Among the entries that follow, the required portion opens with the line containing "Photo of 1 Old" and closes with the line containing "Xiaomi Electric Scooter". Give that portion again exactly, and nothing else.

╭──

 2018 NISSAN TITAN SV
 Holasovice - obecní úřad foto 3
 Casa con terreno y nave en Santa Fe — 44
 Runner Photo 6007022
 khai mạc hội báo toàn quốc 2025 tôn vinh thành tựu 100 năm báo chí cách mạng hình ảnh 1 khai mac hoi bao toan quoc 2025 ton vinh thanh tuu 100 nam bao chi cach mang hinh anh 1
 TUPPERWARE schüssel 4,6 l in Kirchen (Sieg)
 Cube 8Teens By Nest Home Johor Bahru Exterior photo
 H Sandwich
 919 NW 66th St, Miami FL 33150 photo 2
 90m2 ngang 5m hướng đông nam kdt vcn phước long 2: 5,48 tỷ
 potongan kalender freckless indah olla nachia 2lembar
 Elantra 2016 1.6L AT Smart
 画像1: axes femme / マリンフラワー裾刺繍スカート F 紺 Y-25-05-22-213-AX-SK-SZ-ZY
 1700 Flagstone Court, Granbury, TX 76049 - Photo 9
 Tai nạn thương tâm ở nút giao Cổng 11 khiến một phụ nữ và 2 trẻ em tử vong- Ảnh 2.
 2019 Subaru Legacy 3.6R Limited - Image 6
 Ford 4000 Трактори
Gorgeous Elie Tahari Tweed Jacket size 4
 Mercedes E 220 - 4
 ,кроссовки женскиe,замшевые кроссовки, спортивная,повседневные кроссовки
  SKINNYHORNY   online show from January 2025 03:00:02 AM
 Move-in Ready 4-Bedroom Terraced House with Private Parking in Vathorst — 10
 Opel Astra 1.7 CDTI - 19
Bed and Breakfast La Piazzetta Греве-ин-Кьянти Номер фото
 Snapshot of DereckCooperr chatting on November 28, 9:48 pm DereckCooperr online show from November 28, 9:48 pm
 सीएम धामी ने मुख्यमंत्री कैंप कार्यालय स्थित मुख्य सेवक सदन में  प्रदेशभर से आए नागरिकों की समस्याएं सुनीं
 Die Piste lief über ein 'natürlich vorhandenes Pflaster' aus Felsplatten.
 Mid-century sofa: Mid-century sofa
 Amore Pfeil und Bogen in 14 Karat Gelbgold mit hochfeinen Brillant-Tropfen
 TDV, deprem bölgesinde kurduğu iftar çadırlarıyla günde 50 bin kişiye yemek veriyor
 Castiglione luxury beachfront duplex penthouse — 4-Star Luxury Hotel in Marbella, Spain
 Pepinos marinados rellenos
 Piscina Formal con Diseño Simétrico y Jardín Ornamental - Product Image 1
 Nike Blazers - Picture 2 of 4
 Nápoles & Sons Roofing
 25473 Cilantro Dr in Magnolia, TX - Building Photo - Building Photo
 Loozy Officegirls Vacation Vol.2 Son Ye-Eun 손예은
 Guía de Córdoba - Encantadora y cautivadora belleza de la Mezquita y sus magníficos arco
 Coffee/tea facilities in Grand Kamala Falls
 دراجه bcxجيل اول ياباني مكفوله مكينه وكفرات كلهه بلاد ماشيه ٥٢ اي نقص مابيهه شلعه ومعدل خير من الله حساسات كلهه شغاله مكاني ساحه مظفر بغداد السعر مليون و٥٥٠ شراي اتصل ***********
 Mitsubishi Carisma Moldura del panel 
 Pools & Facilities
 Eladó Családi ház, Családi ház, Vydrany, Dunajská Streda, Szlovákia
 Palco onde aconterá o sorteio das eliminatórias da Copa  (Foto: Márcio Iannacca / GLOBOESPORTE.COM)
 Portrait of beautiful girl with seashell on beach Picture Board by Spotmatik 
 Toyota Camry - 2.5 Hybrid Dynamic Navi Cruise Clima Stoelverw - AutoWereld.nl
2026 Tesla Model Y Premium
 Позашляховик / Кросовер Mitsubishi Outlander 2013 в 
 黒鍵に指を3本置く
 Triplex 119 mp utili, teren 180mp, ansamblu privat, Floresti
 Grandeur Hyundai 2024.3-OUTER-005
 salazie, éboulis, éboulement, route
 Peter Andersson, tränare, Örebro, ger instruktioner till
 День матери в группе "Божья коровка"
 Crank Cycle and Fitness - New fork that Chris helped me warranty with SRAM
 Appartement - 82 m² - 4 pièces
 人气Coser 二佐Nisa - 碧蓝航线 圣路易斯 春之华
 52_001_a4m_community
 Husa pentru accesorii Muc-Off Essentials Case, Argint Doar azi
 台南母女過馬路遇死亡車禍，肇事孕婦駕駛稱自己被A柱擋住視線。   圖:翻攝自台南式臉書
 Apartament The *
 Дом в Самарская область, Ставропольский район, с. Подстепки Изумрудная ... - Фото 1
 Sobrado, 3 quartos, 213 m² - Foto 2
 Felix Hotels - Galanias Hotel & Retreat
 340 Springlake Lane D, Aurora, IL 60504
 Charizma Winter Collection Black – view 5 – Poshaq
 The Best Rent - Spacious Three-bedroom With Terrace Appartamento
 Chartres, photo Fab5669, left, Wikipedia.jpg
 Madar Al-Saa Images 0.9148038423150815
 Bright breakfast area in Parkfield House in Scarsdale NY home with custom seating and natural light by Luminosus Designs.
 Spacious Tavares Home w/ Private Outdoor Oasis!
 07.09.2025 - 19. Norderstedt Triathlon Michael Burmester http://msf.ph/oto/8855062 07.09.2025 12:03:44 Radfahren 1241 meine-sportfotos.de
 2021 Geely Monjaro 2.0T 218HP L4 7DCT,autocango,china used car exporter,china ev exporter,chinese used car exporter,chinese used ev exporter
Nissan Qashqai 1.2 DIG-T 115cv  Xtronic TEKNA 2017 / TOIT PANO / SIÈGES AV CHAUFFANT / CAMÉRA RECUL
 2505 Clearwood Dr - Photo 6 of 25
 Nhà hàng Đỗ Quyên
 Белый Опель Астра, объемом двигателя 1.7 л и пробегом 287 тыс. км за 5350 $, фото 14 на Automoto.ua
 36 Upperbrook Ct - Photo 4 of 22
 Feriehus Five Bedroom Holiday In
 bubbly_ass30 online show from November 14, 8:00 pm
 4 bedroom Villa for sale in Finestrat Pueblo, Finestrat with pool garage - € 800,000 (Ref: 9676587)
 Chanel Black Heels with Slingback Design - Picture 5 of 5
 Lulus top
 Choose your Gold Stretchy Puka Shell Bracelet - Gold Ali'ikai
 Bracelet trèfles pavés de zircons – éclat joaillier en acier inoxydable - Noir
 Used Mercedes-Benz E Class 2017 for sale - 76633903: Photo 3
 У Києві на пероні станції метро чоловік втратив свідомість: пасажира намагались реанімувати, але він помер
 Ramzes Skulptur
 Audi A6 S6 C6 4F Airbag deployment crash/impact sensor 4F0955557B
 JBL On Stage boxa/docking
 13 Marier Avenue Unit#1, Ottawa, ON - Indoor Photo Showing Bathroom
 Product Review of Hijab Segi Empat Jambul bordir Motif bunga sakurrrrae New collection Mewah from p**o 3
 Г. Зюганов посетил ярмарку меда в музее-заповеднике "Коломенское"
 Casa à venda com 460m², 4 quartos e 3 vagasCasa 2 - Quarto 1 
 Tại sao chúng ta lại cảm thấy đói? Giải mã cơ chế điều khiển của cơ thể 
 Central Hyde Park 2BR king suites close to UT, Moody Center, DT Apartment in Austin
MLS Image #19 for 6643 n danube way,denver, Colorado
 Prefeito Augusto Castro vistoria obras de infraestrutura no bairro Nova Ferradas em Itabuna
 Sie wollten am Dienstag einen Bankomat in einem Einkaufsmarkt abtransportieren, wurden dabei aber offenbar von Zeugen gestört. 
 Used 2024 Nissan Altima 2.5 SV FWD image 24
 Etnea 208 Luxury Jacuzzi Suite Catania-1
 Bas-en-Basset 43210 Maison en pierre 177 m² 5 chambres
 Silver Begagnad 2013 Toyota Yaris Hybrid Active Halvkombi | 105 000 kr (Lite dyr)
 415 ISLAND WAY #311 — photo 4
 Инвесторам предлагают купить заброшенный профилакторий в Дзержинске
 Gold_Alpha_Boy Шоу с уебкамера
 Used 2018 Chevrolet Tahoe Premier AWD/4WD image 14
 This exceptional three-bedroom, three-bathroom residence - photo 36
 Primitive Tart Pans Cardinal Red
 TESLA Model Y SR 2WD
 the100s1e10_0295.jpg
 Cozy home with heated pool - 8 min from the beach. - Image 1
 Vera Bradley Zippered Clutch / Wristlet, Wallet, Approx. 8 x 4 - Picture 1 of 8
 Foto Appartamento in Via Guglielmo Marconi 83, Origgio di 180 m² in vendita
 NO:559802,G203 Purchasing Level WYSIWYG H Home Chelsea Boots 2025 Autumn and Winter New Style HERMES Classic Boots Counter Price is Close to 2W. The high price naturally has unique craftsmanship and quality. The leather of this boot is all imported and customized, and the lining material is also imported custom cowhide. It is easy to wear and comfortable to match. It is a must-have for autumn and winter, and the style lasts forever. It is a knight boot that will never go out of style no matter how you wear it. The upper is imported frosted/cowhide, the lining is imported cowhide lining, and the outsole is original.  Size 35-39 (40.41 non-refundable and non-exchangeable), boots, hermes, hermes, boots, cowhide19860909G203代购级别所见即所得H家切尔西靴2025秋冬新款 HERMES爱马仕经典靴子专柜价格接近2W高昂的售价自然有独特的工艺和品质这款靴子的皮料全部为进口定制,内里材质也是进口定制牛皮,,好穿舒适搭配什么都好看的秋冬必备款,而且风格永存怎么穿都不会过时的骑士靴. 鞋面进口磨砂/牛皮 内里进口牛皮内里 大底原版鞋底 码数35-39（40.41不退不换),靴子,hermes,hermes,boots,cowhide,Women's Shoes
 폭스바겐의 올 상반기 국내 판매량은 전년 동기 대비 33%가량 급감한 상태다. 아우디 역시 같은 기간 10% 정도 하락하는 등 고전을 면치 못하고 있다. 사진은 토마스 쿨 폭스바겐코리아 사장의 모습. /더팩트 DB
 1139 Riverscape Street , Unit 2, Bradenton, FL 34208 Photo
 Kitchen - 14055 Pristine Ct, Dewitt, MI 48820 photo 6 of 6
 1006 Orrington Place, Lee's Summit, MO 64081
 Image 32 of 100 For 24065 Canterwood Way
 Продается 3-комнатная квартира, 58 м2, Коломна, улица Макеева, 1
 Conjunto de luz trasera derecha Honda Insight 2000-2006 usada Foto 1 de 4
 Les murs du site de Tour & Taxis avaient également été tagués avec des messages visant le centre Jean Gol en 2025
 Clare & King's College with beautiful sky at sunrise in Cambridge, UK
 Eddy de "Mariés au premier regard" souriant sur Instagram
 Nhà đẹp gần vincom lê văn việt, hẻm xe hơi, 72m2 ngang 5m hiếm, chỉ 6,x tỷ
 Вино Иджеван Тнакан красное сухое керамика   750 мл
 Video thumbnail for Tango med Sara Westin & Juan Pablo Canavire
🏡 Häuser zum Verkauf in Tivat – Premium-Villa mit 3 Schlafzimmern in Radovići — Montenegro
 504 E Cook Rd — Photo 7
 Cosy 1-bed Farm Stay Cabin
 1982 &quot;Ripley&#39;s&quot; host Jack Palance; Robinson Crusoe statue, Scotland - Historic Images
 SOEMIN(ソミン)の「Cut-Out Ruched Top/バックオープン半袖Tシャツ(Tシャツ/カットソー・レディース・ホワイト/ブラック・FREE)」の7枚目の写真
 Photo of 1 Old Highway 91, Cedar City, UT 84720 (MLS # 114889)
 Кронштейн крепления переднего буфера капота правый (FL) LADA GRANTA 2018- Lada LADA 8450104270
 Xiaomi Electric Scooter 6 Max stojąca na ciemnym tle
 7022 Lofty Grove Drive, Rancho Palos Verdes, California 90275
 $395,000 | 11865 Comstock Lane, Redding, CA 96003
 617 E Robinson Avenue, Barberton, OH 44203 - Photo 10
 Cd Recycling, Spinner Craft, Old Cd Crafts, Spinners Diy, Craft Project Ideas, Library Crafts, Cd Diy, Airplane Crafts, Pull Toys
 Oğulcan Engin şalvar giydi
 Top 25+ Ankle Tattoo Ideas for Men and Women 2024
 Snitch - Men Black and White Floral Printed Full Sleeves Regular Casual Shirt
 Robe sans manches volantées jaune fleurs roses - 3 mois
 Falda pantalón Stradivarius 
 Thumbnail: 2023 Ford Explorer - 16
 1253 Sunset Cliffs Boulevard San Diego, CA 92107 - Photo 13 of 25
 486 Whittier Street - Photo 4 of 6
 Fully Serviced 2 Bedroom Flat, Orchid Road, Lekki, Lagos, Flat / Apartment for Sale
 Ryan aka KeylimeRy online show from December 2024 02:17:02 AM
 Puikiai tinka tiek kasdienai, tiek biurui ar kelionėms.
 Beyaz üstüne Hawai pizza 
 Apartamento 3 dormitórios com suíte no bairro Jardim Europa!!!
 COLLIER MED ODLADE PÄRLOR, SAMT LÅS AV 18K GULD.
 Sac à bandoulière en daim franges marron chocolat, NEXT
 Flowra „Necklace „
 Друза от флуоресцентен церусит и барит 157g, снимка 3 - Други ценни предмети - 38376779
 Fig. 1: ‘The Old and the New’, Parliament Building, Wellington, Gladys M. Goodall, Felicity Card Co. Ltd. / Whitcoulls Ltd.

╰──

THE COMPLETED TASK
 Photo of 1 Old Highway 91, Cedar City, UT 84720 (MLS # 114889)
 Кронштейн крепления переднего буфера капота правый (FL) LADA GRANTA 2018- Lada LADA 8450104270
 Xiaomi Electric Scooter 6 Max stojąca na ciemnym tle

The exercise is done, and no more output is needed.